Merrilee Pawley, centre, hanging out with students Chloe, Elayne, Shaye, Edward and Adam. 57976 Merrilee Pawley, centre, hanging out with students Chloe, Elayne, Shaye, Edward and Adam. 57976

By Jade Lawton
MERRILEE Pawley’s last day at Pakenham Consolidated School on Friday will truly be the end of an era.
Mrs Pawley, who is retiring after 20 years teaching at the Pakenham primary school, has taught hundreds of kids.
But her links with the school go back even further than two decades. She attended Pakenham Consolidated herself, learning her a, b and c’s at PCS when the school was in Main Street.
Her mother, Nina Keys, went to Pakenham Primary School, one of the precursors to the consolidated school.
“My mother used to talk about boys putting her pigtails in the inkwell,” Mrs Pawley said. “When I was in school we still had those inkwells.”
Mrs Pawley’s sister, Robyn, attended PCS, as did her children Jacqueline, Belinda and Nicholas and Robyn’s children Paula, Lauren and Bree. Mrs Pawley didn’t teach any of those six, as she was teaching with Minibah then, but she has seen hundreds of other locals go through primary school.
“The most enjoyable thing is to see the students progress through the school, to see how they develop and change,” Mrs Pawley said.
“The maturity they go through, it’s just a wonderful thing,”

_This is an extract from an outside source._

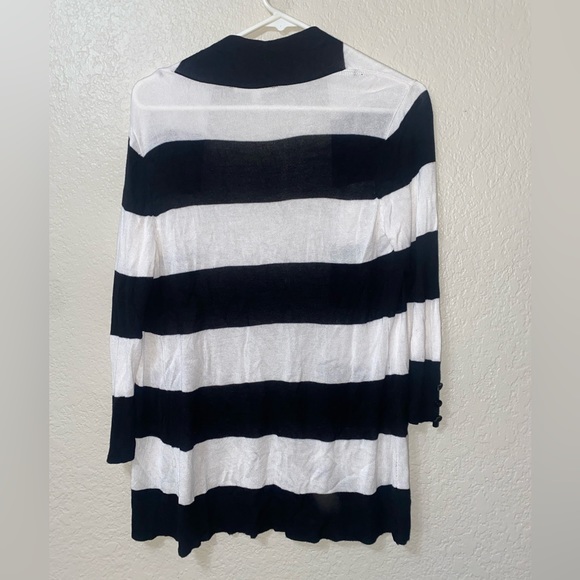 Cyrus Cardigan - Picture 6 of 6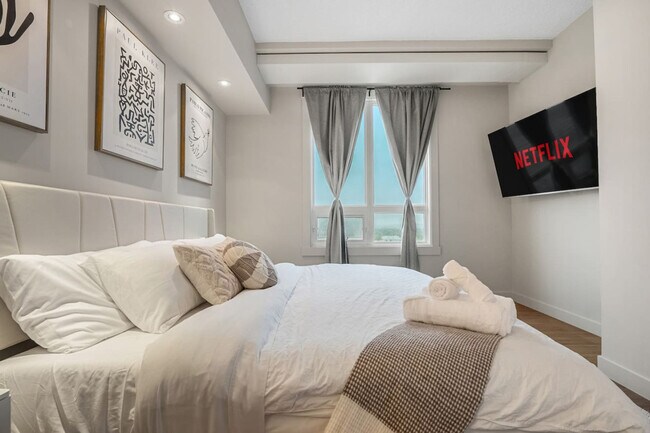 Photo - 741 Ranchview Cir NW Unit ID1314510P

Mrs Pawley’s teaching career began when she taught pre-school at Kooweerup in 1971. She then worked with special needs children at Minibah for at least 10 years and spent a year at Gembrook Primary School before starting at Pakenham in 1990.
She has taught every class from Prep to Grade 5, art to phys ed, but describes herself as “just a general run of the mill teacher.”
Mrs Pawley said she spots former students everywhere, including when she is doing the grocery shopping or just driving down the street.
“When you live in Pakenham and the students are in Pakenham you see quite a lot of them. It’s interesting,” she said. Highlights over the years include camps, which Mrs Pawley describes as ‘great fun’ and watching the profession develop.
“Teaching has changed, from just opening a book and having students copy it, to being all interactive whiteboards and high technology,” she said.
Her retirement will allow her more time to indulge in her passions, travel and photography. At the start of this year she took long service leave and travelled with husband Bruce from the bottom of South America to Canada. Africa and China are next on the itinerary.
“But I will miss the children and the comradeship with the teachers,” she said.
Although Mrs Pawley has three grandchildren, they live on the other side of Melbourne and will not continue the PCS connection.
Mrs Pawley plans to bow out with as little fanfare as possible.
“I think I’ll just go quietly,” she said.